TWI-NY TALK: PAUL ROME AND ROARKE MENZIES

Paul Rome and Roarke Menzies

Writer Paul Rome and composer Roarke Menzies have collaborated on new audio fiction work (photo by Joshua Simpson)

COMPOSERS NOW FESTIVAL: PHILADELPHIA AND OTHER STORIES
Walkerspace
46 Walker St. between Church St. & Broadway
Wednesday – Saturday, February 11-21, 8:00
www.philadelphiaandotherstories.com

It’s a match made in Brooklyn. Writer Paul Rome and composer Roarke Menzies got to know each other at the Wyckoff Starr Coffee Shop in Bushwick, where Rome works as manager. Soon they were collaborating, working on audiocentric stage presentations that were written and performed by Rome, with an electronic score composed and played live by Menzies. They first worked together on the radio play And Once Again, followed by the audio epic The You Trilogy, a series of monologues about a fiction writer created for online streaming and download. For their next project, Calypso, Rome and Menzies took to the stage of the Bushwick Starr to investigate Homer and Virgil, young love and a tandem bicycle ride. They are now collaborating on Philadelphia and Other Stories, a collection of short pieces that is moving to Walkerspace in downtown Manhattan following a sold-out run at the Bushwick Starr. The work, which mythologizes memory, will be performed by Rome and Menzies, along with actress Katie Schottland and songs by Katie Mullins and David Kammerer. Rome, whose debut novel, We All Sleep in the Same Room, was longlisted for the 2014 PEN/Bingham Prize for debut fiction, and Menzies, who composes scores for such choreographers as Adam H. Weinert, Adam Barruch, and Jack Ferver, recently discussed their creative process, the City of Brotherly Love, and making the move from Brooklyn to the Big Apple as they prepared for the Manhattan debut of Philadelphia and Other Stories, part of the month-long Composers Now Festival.

twi-ny: How did the two of you meet?

Roarke Menzies: Paul and I were neighbors for a long time in Bushwick. He kept mentioning this “radio play” he was working on at the time.

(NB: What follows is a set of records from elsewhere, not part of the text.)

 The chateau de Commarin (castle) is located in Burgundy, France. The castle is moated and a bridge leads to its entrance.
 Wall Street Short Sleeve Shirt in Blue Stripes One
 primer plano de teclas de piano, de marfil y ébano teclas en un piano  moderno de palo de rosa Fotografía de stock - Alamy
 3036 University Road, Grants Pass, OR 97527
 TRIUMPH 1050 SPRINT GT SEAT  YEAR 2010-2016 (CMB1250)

This was early 2010. We’d bump into each other pretty often at the coffee shop. One day he asked me to come over and listen to what he had. I was immediately into it. The writing was really strong and I just saw so much potential in developing this format. It had certain similarities to things I was familiar with from experimental theater and contemporary performance practices, but the way it zeroed in on the sound world, and more specifically the audio world — the microphonic voice, recorded sounds, everything mediated by loudspeaker and transistor — felt particularly vital and fresh. It was right up my alley.

Paul Rome: The only thing I’d ever heard of Roarke’s was a participatory improvisation at this salon my ex-girlfriend used to host in our living room. He passed out three or four Walkmen with these prerecorded textural patterns on them and people could manipulate the sounds by rewinding or fast-forwarding or changing the tape speed while he listened and did a vocal improvisation with effect pedals. It worked really beautifully.

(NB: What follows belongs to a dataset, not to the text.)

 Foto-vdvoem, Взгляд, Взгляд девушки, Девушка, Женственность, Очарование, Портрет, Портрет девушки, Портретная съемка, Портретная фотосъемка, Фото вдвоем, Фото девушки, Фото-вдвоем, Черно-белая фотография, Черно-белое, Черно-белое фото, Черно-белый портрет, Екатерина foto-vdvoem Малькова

twi-ny: What initially made you want to work together?

PR:I was really impressed by Roarke that first day he came over to listen to my radio play, And Once Again. He was really supportive and enthusiastic and seemed to intuitively get what I was trying to accomplish. He’s also technically capable in ways I’m not, so he was able to do things like mixing and rearranging my music, coaching my performance and really helping to turn a piece of text into a work for the stage. We became close friends during that project.

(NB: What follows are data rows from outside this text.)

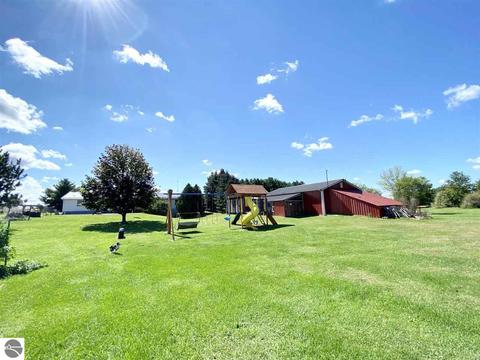 5555 E Pleasant Valley Rd, Shepherd, MI 48883 photo 41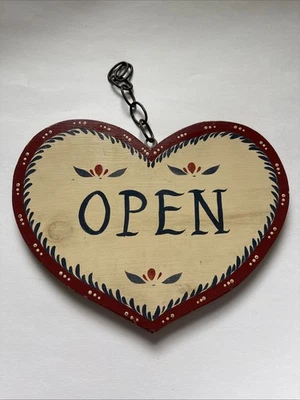 Letrero cerrado abierto corazón de madera primitivo pintado a mano de colección decoración de casa de campo Foto 1 de 4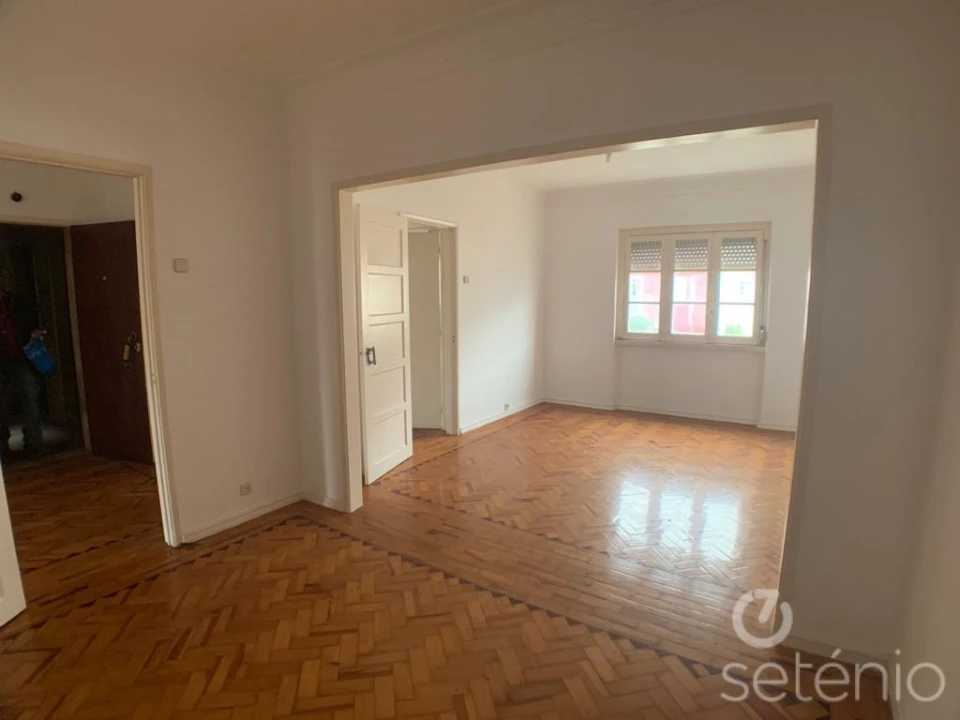 Prédio para Venda em São Vicente Foto 1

twi-ny: You’ve now worked together on four projects. How has the process of your collaboration evolved?

RM: When we first started working together, the projects were really Paul’s and I would play a supporting role, helping shape and realize the vision from behind the scenes. Calypso, a show we premiered in 2012, was really our first equal collaboration where we shared the stage, shared the bill, and had equal creative duties. Paul then asked me to work with him on substantive edits to his novel. So we’ve also developed a strong writer–editor relationship.

I think the best thing about our collaborative relationship is that there’s a unity of vision and an intense amount of trust. When you’re working on something new, you don’t necessarily know what that thing is yet, but there’s this vision in your imagination that you’re trying to pursue. Because we’ve worked so intensely on a number of projects, and because we’ve had so many fruitful conversations, there’s this shared vocabulary and a thorough thematic or dramaturgical language that we can refer to. In a collaboration like this, it’s really rare, I think, to be able to trust that when you each look at that vision in your heads, you’re both seeing the same thing.

PR: It’s true. We also argue a lot over the details. For me, that ability to argue and speak openly is the most important aspect of collaboration. We both want everything to be perfect and to adhere to a unified aesthetic and vision. We’re not above arguing over the angle of a chair onstage or the color of the text on the back of a promotional flyer for a few hours. Everything is important. If we fail, whatever that means, I still get to have the satisfaction of knowing that we didn’t fail out of laziness or succumbing to any preconceived notion of what our work ought to look like or sound like. The downside of collaborating with a friend is that it gets hard to talk about things other than our various projects. Roarke told me that for months after my novel came out, I talked about little else. I still feel bad about that.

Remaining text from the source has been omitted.